A little-known chapter in British history records an ugly episode in the only place during 1848 and 1849 where a British Government was confronted with a revolution. It was a minor incident in a relatively unimportant area. For a short while after the Napoleonic wars, Britain was responsible for the “sovereign protection” of the Ionian Islands (Corfu, Cephalonia, Ithaca and three others). After news broke of the revolutions in Italy and France, demonstrations on the biggest island, Cephalonia, were put down with ease. 

Renewed trouble broke out the following year when a new Lord High Commissioner, Sir Henry Ward, arrived. Demonstrations by more than 1,000 people on Cephalonia in September 1849 met extreme brutality by nearly 500 troops, led personally by Ward. Around 40 people were hanged, according to a parliamentary report, and 300 were flogged in public. There were dozens of mock executions along with “the burning down of houses and the uprooting of vineyards and currant plantations carried out as punishments”.

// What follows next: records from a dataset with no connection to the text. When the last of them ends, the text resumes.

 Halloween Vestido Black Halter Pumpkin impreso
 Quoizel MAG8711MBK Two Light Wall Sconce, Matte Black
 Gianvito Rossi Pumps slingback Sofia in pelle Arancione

The orthodox view amongst historians is that the 1848 revolutions were a “failure” because the old authorities were restored in so many places. Napoleon III was more autocratic than Louis Philippe had been, and the French radicals and socialists were silenced for a generation. The Hungarian revolt was ruthlessly silenced by the Austrians, who desperately sought the help of the Russians to suppress Magyar independence. Reaction returned to Prussia and most of the German states. Pius IX returned to Rome back in his white vestments, secular head of the Papal States. 

Clark argues persuasively that in many countries the revolutions were not a failure. Not all parliaments were closed down after the “restoration”; constitutional monarchies were established in places such as Denmark. Real republican democracies were instituted, as in Switzerland. Twenty years after the Hungarian revolution was crushed, a compromise was reached that gave Hungary an autonomous role in an invigorated Habsburg Empire. 

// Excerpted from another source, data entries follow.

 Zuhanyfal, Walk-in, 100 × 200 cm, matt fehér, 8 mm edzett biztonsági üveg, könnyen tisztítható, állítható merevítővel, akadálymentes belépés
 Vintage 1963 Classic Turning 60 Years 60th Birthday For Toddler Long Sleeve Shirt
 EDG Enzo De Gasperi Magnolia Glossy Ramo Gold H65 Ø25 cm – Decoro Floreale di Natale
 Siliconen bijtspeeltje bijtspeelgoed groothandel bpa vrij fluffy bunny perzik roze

Europe was never the same again, and so much of modern history — arguments about democracy, equality of opportunity, freedom of expression and much of the language of political debate — is rooted in the events of 1848. In practical terms, the revolutions were the launchpad for the process that led to the unification of Germany and Italy as nation states and other parts of Europe, for good or ill. 

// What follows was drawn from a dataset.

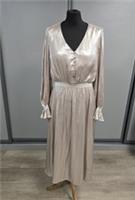 FatFace Gold Rina Metallic Midi Dress12R BNWT - 12 Regular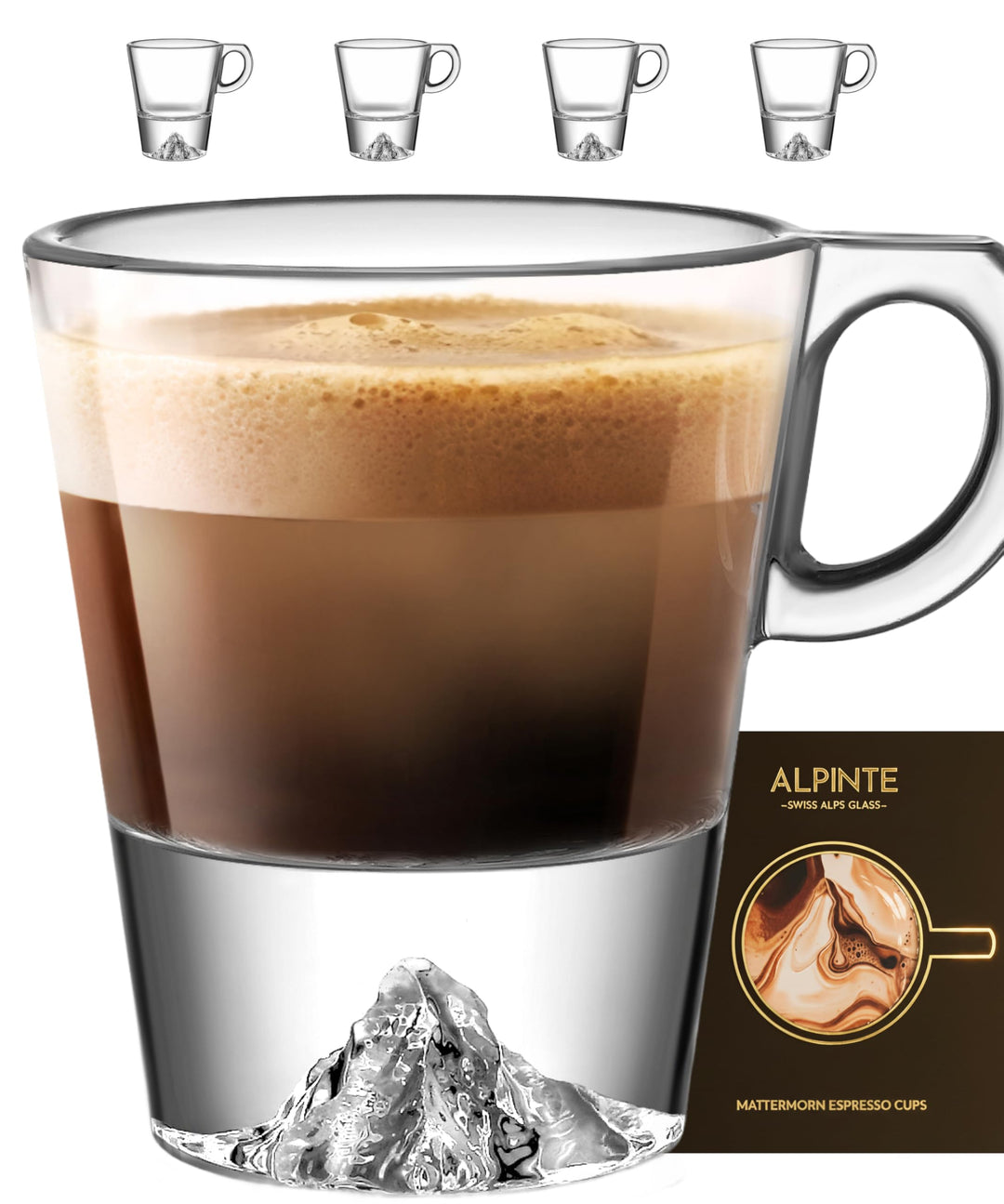 Espressotassen Set 4x60ml mit Henkel, Handgemachte Espresso Gläser aus Borosilikat, Topographic Gläs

Bismarck loathed the Leftist ideas of some of the Prussian revolutionaries of 1848, but he would have thought the revolution a success because it gave him the opportunity to create a modern German state. 

In any case, as Clark asks in a powerful conclusion, what is a success or failure in a revolution? Was the French Revolution a success? The American Revolution? “We don’t say of an ocean storm, a solar flare or sixteen days of heavy downfall whether they ‘succeeded’ or ‘failed’; we simply measure their effects,” he writes.

In order to understand this book, readers must re-learn the meaning of some central language and ideas — in particular “nationalism”. Clark deals with the idea and the word as most revolutionaries saw it at the time. 

For the last few generations, “nationalism” has, in many parts of the world, been appropriated by the Right. In the mid-19th century, revolutionaries — especially liberals — saw it as a progressive force for freedom and democratic rights against archaic forms of aristocratic conservatism. Liberals who believed in liberty and free markets believed in nationalism. The trendy ideology amongst idealistic young people was nationalism. Nationalism once was woke.